Hay figuras paternas que no son sinónimo de alegría, identidad, unión, lealtad, respeto, amor y fidelidad. La elaboración de los vínculos con nuestros padres lejos de ese ideal nos convierte en calderos en ebullición, los cuales son génesis de dinámicas complejas y dañinas.
Puede que a simple vista se nos vea en calma, pero en realidad en lo profundo escondemos verdaderas fuerzas antagónicas que luchan por engrasar nuestras creencias, nuestros valores y nuestros sentimientos hacia el mundo y hacia nosotros mismos.
En la infancia, la familia es lo que representa nuestra realidad y nuestra referencia, por lo que no es extraño que tendamos a repetir ciertos patrones, aunque estos sean disfuncionales.
Los padres son personas y como personas que son, cometen errores. Sin embargo, el dolor provocado en el hijo se mantiene. En este sentido, al igual que afirmamos sin pudor que debemos aprender de nuestros errores, también podemos hacerlo de los errores cometidos por nuestros progenitores.
Así, quien no ha tenido la suerte de crecer en una familia totalmente funcional, tiene que realizar un trabajo doble para fortalecerse y apreciar el sentimiento de amor y respeto hacia uno mismo y hacia su entorno. Para lograr esto es bueno contar con la guía de un profesional de la salud mental, el cual nos ayudará a abrir las vías de comunicación con nosotros mismos.
Las conductas autodestructivas y de castigo hacia los demás deben ser reevaluadas y rechazadas por nuestro Yo presente, el cual se constituye como un yo adulto y con capacidad de discernir sobre la posibilidad de realizarse a sí mismo.
Rescatar la idea de que somos merecedores de amor y de que podemos brindarnos seguridad y afecto incondicional en primera persona es esencial para sanar las heridas que las figuras paternas, una o ambas, crearon en nuestro niño interior.
Infancia es destino, diría Freud; pero lo cierto es que no podemos vivir indefensos toda nuestra vida bajo la excusa de que tuvimos una infancia complicada y para nada ideal.
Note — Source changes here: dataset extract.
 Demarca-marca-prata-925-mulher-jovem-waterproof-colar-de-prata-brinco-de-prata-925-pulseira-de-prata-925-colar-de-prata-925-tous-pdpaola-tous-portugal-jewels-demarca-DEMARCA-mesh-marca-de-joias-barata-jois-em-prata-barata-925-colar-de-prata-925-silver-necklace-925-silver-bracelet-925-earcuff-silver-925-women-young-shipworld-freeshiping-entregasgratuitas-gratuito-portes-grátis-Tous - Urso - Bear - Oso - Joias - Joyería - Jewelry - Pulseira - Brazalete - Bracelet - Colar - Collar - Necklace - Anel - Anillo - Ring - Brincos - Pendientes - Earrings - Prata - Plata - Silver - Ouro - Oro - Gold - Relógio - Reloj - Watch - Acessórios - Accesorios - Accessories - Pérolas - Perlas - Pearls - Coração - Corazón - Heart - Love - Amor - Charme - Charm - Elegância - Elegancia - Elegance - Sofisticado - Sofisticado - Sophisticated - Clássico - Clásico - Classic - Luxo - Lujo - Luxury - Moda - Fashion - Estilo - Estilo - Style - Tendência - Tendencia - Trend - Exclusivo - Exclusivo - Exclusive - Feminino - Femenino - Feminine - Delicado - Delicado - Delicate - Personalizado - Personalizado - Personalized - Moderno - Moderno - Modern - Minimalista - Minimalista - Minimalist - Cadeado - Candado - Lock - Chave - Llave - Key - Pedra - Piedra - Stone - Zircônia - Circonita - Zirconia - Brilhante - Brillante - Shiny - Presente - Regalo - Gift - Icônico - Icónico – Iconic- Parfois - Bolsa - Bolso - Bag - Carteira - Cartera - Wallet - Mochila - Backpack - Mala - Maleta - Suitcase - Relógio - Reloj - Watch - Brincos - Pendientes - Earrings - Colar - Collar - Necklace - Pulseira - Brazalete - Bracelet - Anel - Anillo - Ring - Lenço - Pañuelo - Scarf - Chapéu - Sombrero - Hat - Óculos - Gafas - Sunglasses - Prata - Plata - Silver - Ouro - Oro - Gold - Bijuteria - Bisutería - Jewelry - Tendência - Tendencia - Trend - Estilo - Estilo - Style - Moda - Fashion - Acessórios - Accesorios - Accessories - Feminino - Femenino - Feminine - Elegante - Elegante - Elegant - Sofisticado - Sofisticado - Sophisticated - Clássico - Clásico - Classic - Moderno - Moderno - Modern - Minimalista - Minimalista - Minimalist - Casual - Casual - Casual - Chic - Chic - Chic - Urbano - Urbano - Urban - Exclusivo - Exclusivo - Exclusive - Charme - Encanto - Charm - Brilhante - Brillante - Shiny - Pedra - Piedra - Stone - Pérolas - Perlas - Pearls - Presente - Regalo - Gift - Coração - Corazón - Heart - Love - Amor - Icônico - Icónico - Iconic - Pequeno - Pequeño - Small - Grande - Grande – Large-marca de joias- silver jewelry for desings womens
Debemos interiorizar el mensaje de que da igual lo destructivas que hayan sido nuestras relaciones paterno-filiales, las perspectivas sobre nuestro futuro nos corresponden a nosotros.
Seas quien seas, sentirte valioso y merecedor de la felicidad y del amor es un pilar fundamental para tu capacidad de desarrollo vital. Esto requiere que seas altamente empático o empática contigo, reconociendo a través de esa empatía el derecho a vivir tu propia vida tal y como tú elijas.
Si el frío del afecto paterno es todavía constante, es hora de echarte encima prendas de abrigo y de encender la estufa. Las excusas y los rencores no nos permiten vivir y, mucho menos, construir un hogar en nuestro interior.